The other contentious aspect of Cotterill’s work is his evolutionary assumptions about cognition. His theory is built on the applicability of evolutionary criteria to cognition where it is assumed that natural selection is a sufficiently fine-grained process to be able to have an impact on cognitive capacities. Despite the appeal of explaining cognition as the result of evolution through natural selection, there are serious qualms about administering evolutionary explanations to cognitive capabilities. Natural selection is often deemed to be too coarse-grained to be sensitive to such traits, and evolutionary explanations of cognition seem be founded at best on an analogy with biological evolution. Notwithstanding the consideration that analogies are often poor means of persuasion, as genetics/evolution experts like Richard Lewontin, amongst others, have been persistently arguing, even if it were true that selection operated directly on cognition, we have no way of measuring the actual reproductive advantages. It is very important to recognize that the nature of any advantage accrued has to be couched in reproductive terms.

Also, any evolutionary reconstruction of that advantage must show that individuals or family groups, rather than the species as a whole, had such an advantage, since natural selection operates within populations to increase the frequency of some types and decrease others through differences in reproductive rates of individuals. Unless a more cognitively competent individual or its immediate family leaves more offspring than other families, selection will not increase the frequency of the selected character. Moreover, there is no necessary relation between the selective increase of a character in a species and any benefit to the species as a whole.
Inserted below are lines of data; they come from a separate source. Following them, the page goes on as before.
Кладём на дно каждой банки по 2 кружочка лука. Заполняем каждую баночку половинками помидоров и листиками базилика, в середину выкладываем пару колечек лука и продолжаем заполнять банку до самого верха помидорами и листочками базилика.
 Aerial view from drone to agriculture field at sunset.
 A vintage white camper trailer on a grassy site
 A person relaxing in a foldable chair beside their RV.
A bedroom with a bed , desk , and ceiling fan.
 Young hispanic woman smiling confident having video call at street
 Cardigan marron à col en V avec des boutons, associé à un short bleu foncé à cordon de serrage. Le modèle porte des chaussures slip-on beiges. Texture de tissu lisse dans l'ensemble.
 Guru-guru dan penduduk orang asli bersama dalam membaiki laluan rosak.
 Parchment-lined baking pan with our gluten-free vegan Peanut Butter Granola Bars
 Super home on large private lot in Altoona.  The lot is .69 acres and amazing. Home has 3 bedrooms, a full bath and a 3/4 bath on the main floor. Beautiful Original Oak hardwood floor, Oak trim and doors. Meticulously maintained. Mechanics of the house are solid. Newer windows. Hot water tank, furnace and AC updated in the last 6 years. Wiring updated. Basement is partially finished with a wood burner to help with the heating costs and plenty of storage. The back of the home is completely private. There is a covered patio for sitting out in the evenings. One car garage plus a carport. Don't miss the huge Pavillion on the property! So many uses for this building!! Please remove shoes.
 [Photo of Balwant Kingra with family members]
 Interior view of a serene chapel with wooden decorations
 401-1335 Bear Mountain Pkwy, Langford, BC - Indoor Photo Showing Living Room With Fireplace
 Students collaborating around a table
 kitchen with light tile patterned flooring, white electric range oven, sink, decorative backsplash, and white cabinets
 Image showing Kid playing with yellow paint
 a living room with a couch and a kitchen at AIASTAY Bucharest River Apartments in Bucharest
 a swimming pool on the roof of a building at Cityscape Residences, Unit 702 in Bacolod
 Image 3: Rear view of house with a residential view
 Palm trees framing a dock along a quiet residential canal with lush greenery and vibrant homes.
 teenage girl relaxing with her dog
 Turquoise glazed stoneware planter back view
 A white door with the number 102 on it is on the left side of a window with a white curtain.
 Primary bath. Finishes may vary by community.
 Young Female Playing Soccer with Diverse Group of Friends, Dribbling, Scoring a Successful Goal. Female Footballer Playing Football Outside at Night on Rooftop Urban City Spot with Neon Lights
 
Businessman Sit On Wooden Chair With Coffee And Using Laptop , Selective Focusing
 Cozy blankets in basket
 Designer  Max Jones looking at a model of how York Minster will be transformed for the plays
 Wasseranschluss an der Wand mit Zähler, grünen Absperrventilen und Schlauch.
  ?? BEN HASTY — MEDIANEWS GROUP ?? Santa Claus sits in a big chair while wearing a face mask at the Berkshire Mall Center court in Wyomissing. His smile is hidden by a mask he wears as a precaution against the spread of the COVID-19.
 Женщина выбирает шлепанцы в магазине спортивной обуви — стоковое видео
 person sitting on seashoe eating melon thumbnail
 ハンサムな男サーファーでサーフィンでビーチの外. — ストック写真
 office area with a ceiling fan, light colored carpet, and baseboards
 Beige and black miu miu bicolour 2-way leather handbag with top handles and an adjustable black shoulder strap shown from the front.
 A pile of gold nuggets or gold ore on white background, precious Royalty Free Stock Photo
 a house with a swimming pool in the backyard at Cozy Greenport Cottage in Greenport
There is no general principle of natural selection that operates to benefit a species as a whole. Generally, the problem is that there may have been no direct natural selection for cognitive ability at all. Cognition may have developed as the purely epiphenomenal consequence of the major increase in brain size, which, in turn, may have been selected for quite other reasons.

Yet, at another level, Cotterill is also facing challenges, of principle and not of detail, from his fellow naturalists, in particular, eliminative and anti-constructive naturalists. Like Cotterill, eliminativists maintain that the story of ‘the brain’s anatomy and physiology’ will tell the tale of mental life, but unlike Cotterill they claim that consciousness is not going to be a character in that narrative. It is simultaneously too simplistic, too vague, and too historically embedded in false and confused theory to designate a genuine phenomenon or set of phenomena in need of explanation. Cotterill’s silence on the eliminativism is rather conspicuous.

The other rival naturalist camp that Cotterill ignores is anti-constructivism. Basically, the position holds that although mind is a natural phenomenon, it is, in Colin McGinn’s terms, cognitively closed to us. There cannot be a naturalistic construction of consciousness because of our very cognitive constitution. Interestingly, Cotterill himself mentions the issue of cognitive closure and readily agrees with McGinn that ‘certain things are beyond us‘ but somehow fails to see that the case of consciousness itself could indeed be one of those very ‘holes in the mind.’ (p. 402; original emphasis).